Saturday, June 08, 2013

Color detection

Einstein got his Nobel for explaining the photoelectric effect (not for relativity). The photoelectric effect was a little bit of a puzzle. Put a cesium electrode in a vaccuum, and shine light on it. You get a small current flow to a nearby electrode. If you make the light more intense, proportionately more current flows. If you put a slightly negative relative voltage on the nearby electrode, you get a little less current, but it still flows until you reach a critical voltage. So far so good: electrons are getting knocked off with some maximum energy.

If you change the frequency of the light but keep the intensity the same, the current stays the same too--until the frequency drops too low, and then you don't get any current anymore. And if you check that voltage difference that stops the current, that rises and falls linearly with frequency. V ∝ (f-f_crit).

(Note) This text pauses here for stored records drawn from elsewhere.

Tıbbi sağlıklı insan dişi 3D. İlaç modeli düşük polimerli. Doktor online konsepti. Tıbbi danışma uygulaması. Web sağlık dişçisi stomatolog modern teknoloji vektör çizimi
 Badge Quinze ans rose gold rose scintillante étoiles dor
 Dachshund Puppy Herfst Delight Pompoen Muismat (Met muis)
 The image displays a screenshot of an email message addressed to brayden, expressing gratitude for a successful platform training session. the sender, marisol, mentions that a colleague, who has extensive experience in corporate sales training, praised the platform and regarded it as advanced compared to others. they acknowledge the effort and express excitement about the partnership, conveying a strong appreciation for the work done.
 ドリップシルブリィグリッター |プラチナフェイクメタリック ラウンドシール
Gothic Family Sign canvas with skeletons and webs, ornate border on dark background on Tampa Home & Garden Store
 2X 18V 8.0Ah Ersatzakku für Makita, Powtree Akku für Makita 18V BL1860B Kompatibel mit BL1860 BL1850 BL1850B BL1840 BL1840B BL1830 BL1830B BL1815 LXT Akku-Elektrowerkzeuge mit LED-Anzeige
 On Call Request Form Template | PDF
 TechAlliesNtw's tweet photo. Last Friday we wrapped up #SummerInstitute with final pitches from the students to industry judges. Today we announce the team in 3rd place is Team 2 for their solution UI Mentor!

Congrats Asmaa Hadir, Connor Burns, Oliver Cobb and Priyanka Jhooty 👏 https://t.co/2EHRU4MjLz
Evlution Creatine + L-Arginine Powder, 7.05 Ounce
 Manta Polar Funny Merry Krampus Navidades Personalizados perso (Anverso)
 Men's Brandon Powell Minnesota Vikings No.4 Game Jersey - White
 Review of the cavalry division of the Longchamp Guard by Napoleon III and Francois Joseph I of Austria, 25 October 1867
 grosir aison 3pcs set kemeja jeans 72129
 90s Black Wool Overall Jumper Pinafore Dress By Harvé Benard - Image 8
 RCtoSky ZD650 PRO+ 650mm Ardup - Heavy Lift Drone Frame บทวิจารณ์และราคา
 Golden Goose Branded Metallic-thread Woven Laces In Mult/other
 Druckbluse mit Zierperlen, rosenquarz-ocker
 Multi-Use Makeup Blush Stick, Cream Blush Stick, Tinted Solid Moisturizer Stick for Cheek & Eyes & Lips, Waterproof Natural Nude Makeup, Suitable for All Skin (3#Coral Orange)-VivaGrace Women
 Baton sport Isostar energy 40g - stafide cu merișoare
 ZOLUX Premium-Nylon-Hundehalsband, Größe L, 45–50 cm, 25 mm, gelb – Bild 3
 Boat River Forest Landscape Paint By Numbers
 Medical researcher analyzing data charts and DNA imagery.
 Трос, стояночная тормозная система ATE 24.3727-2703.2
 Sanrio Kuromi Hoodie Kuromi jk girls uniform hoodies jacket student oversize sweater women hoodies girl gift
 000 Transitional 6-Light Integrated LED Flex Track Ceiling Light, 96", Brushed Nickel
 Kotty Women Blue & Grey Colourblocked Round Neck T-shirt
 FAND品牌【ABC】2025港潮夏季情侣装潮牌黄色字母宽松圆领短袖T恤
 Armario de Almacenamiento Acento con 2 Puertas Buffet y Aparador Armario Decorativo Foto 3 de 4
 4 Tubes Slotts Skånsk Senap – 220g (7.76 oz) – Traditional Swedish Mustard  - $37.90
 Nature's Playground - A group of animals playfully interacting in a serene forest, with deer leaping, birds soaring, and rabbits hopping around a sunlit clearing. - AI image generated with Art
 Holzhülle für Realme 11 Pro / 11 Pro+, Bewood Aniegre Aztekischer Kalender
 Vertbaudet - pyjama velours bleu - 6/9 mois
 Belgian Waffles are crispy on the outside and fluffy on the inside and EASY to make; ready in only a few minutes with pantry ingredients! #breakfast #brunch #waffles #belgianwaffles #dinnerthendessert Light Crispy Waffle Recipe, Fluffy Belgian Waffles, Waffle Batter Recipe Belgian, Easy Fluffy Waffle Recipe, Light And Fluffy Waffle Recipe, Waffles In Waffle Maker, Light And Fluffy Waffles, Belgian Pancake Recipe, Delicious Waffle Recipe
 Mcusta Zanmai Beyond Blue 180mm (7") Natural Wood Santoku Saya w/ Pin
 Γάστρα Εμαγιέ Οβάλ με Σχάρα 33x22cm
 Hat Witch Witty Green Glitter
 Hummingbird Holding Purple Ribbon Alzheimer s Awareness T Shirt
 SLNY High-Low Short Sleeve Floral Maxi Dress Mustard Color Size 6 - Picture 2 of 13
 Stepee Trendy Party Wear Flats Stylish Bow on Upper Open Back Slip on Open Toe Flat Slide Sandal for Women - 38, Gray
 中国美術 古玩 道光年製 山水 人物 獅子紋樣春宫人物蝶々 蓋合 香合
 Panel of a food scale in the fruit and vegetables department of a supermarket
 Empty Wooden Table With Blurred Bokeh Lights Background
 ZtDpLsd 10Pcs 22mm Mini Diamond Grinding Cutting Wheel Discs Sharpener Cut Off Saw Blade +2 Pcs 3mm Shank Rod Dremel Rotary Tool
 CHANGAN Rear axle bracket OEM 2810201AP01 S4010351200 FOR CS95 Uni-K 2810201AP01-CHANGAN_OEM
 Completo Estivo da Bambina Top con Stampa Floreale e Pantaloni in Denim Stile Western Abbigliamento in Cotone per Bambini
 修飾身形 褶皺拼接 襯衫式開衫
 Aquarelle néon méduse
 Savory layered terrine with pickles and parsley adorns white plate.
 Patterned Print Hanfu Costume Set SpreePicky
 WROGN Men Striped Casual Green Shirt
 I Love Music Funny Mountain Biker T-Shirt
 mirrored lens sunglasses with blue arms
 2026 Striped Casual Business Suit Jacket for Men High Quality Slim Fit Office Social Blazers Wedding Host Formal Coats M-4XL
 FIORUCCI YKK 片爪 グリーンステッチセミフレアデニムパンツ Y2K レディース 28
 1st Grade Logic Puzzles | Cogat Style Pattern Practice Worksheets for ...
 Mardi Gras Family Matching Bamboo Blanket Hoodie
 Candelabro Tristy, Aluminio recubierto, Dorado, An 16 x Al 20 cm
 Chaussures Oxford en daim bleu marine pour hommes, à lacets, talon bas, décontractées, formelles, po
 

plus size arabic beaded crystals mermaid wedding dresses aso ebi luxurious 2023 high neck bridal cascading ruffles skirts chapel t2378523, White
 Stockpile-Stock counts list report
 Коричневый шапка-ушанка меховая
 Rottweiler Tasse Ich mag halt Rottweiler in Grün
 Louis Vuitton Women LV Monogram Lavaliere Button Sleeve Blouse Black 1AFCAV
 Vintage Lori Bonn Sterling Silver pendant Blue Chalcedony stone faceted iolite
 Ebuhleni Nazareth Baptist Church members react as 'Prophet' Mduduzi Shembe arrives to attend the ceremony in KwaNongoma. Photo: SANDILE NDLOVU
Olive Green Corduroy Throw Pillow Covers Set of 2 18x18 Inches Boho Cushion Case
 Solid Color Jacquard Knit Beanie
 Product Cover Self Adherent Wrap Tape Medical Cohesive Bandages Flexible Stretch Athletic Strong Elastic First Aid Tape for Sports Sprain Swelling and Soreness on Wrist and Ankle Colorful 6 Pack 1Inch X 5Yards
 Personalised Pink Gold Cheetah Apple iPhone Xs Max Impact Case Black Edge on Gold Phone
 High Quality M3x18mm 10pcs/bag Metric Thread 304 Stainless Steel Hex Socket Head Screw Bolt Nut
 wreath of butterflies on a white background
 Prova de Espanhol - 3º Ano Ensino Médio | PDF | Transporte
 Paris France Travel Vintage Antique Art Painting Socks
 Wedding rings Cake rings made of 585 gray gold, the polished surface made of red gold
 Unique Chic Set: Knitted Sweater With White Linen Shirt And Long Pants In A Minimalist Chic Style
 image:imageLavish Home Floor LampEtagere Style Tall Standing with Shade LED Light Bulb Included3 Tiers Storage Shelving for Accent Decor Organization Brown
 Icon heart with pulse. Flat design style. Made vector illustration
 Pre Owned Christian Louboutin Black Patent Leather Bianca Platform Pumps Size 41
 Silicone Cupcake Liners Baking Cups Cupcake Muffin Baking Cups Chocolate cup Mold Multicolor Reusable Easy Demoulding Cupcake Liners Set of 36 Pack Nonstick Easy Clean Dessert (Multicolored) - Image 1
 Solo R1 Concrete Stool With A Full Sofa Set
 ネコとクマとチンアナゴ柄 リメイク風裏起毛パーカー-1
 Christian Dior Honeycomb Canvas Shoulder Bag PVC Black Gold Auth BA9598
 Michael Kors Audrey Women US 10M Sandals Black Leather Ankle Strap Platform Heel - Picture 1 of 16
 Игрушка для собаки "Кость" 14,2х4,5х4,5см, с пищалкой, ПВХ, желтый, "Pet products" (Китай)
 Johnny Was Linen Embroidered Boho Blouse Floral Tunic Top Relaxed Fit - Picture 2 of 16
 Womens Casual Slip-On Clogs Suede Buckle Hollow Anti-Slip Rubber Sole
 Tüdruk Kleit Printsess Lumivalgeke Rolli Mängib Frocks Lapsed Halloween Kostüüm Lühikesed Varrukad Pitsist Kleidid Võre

Einstein explained it: light comes in units, in which the energy is proportional to the frequency, and electrons are bound to atoms with well-defined energies. If the light particle has less energy than that binding energy, the electron stays put. If more, it kicks the electron loose, and gives it a little extra energy, up to as much as the whole leftover energy (usually less, though).

So if you don't know the photon energy you can figure it out from how much energy electrons get kicked out with. (provided the photon energy isn't too low)

It is kind of hard to see this effect in air, because the electrons collide with air molecules and lose energy. It would be even harder to see it in a solid, unless the solid layers were ultra-thin: say 50 nanometers or so. The more energetic electrons (from higher-frequency light: e.g. blue) travel farther through the thin layers than those from lower-frequency light (e.g. red). In the same way as with the traditional experiment, you can add a negative voltage to the deeper layers: the more energetic electrons will still get through but the lower energy (from red light) won't. Varying the voltage lets you determine what the energy was.

So you can have solid-state frequency detection in a tiny (they estimate 100 nanometer square pixels are possible) device. If you use several readout layers you could get "instantaneous" estimates, which would be good for multi-frequency fiber devices.

The CPU of the machine you read this on uses layers that can be as thin as 0.5nm, so this looks doable. This falls in the category of "I should have thought of that," but I wasn't paying attention to how thin micro devices were getting.

3 comments:

Assistant Village Idiot said...

It never once occurred to me that "I should have thought of that."

james said...

Understanding high energy particle motion in matter has been my bread and butter, and this is an obvious application--in retrospect :-(

I guess genius is seeing the obvious first.

It won't be a crisp measurement, but it should be good enough.

Texan99 said...

That's just what I was going to say: in the whole rest of my life, I wasn't going to think of that. Good thing someone else is in charge of noodling over that kind of thing!